Given information:
-- Opening Marker --

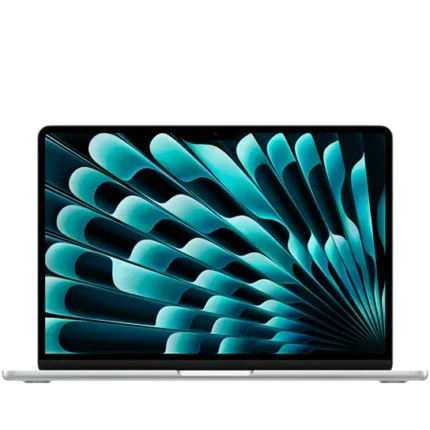 260309150023279850.jpg. 13-inch MacBook Air: Apple M5 chip with 10-core CPU and 10-core GPU, 16GB,
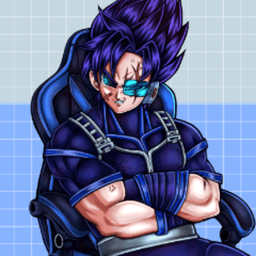 Elitefighter2 avatar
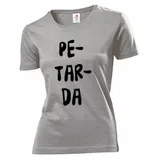 koszulka-damska-petarda-m-szary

-- Closing Marker --

Produce the data again character for character, with the images left out.

 260309150023279850.jpg. 13-inch MacBook Air: Apple M5 chip with 10-core CPU and 10-core GPU, 16GB,
 Elitefighter2 avatar
 koszulka-damska-petarda-m-szary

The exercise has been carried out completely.